Radu laughed, his face suddenly transformed from a dark scowl to a youthful smile. “You expect me to simply trust you? To trust that you will send away Koschei the Deathless, that he will never return to slaughter my men on the field of battle?”

The Italian shrugged. “I’m merely here to suggest solutions that will make both parties happy, Highness. The sun is setting, and I would prefer to spend the night pleasantly, in my bed, preferably with a bottle of wine and a young female companion. I have no desire to collapse to the floor and scream until the dawn lifts the aether.”

Radu’s smile faded and he sighed. “You’re being serious, aren’t you? This aether business, Yaga, all of it. You’re telling the truth, yes?”

Salvator nodded.

“Very well, then. Give me Yaga.”

The Italian stared at him. “What?”

“She misses her son, she grieves for his injuries. I understand this.” The prince held out his hands. “Surrender her to me and I swear no harm will come to her, as long as she does not attempt to harm me. She will be reunited with her son, and I will place the both of them in a very comfortable estate a few leagues to the south where they will be out of the way for the remainder of this war.”

Salvator swallowed.

Damn him. I didn’t expect that from him. It’s a shrewd play. It solves everyone’s problem, avoids violence, and leaves him with one more immortal prisoner. Who’s been schooling him in negotiations? The Sons of Osiris, I suppose.

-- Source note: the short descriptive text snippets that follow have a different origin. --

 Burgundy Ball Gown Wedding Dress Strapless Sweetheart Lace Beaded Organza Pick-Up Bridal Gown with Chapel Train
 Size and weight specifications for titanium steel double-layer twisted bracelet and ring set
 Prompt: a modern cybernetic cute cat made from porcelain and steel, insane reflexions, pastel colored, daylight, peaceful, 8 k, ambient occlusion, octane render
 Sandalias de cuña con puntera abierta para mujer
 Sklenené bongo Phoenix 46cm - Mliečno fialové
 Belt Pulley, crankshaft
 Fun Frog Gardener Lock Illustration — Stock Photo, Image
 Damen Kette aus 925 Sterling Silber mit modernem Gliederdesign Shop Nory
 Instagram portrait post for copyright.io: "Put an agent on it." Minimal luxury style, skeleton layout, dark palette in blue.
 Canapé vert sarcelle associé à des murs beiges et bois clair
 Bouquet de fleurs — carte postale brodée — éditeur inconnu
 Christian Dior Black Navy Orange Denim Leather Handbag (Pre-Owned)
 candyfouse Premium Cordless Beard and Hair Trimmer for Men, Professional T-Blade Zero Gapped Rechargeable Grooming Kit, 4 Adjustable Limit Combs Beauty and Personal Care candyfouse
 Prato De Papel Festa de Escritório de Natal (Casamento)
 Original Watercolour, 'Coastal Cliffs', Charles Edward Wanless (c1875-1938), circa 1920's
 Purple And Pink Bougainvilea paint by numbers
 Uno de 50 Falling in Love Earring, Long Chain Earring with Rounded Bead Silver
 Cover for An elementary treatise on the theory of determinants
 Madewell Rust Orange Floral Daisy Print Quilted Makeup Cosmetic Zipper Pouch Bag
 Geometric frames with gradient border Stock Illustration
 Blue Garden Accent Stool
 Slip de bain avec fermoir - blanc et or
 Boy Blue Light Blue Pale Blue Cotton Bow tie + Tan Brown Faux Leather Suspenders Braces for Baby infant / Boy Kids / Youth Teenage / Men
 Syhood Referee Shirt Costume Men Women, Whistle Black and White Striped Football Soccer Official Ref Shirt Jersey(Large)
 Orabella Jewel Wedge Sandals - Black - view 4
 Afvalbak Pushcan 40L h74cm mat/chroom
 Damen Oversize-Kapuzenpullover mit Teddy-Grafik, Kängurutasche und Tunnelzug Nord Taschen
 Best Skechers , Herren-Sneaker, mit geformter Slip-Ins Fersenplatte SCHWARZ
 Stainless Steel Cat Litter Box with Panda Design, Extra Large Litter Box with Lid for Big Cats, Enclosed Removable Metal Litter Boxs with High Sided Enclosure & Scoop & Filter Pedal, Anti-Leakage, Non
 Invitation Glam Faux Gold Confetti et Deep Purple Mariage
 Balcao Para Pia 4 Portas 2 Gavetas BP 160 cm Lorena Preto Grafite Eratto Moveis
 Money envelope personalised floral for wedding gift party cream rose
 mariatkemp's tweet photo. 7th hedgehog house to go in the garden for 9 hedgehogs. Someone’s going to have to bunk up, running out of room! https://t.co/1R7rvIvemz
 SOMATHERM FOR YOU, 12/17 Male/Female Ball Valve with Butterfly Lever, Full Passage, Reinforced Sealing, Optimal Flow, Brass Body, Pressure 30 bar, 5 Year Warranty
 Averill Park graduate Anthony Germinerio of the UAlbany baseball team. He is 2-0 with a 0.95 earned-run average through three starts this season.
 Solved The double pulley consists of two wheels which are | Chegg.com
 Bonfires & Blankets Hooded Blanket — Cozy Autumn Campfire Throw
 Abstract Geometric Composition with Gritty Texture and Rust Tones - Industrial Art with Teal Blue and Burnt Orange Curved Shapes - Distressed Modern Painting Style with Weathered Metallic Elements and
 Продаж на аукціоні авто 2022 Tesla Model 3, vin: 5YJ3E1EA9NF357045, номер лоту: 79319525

“A reasonable proposal,” Salvator said quietly. “Politically, it’s quite sound, and under any other conditions I would be almost eager to present your terms to the Duchess.”

“But?”

“But what you are proposing would require us to somehow bring you the woman in question, either by coercion or by violence, and quickly too. The sun will be setting very soon,” Salvator said. “I would have to return to the palace, mount an armed force, and somehow penetrate this storm of aether without being rendered insane, capture Baba Yaga, and drag her to your ship to be reunited with her son.”

“I see your point,” Radu said. “Whereas, if I were to concede to your terms, I could have Koschei set free in a matter of minutes in plain sight of his mother, and all would be resolved.”

“My thought exactly.”

“It’s quite a trap you’ve set for me,” said the prince. “If I believe you, then I have only a few minutes to free my prisoner to prevent a storm of madness from crippling my people. But, if I don’t believe you, if I call your bluff, if I choose to go about my business, then perhaps nothing will happen at all, and that puff of wind over your city will simply blow away.”

Salvator paused, wondering what else he might say.

“Most holy prince,” Iruka said, again bowing his bare head. “If I may be so bold, I would advise you to accept what you see and what you have been told as truth. I have studied aether for many years, and I assure you that the storm over the palace is not a natural one, and if it does engulf Stamballa, as I believe it will, we will all suffer. The city will be defenseless for hours, perhaps even days.”

“If that’s true, then Constantia was be just as weak,” Radu countered. “They could not attack us. Anyone who came near would fall victim to this storm. And besides, even if Baba Yaga is causing this, how do I know she is not simply performing to the tune of our Italian friend here? What if she isn’t mad with grief at all? Perhaps this is merely a threat to try to pry Koschei from my grasp. She will not attack the Hellans, or us. Fabris can call her off at any time.”

“I assure you, I cannot,” Salvator said.

“You assure me?” Radu stood up sharply and tugged his dress jacket down smartly over his chest. “Who are you to assure me? You are no councilor of mine, no trusted advisor to the imperial court. You serve my enemies!” He slammed his fist down on the corner of the desk as he circled it to stand beside the other men.

Salvator frowned.

This has gone on long enough.

“Yes, I suppose I do serve your enemies, Highness.” Salvator’s hand shot out and ripped the seireiken from the green-robed monk’s sash. The scabbard flew off the blade and clattered against the wall as the sun-steel sword bathed the room in a warm golden light. Ripples of heat danced around the edges of the blade.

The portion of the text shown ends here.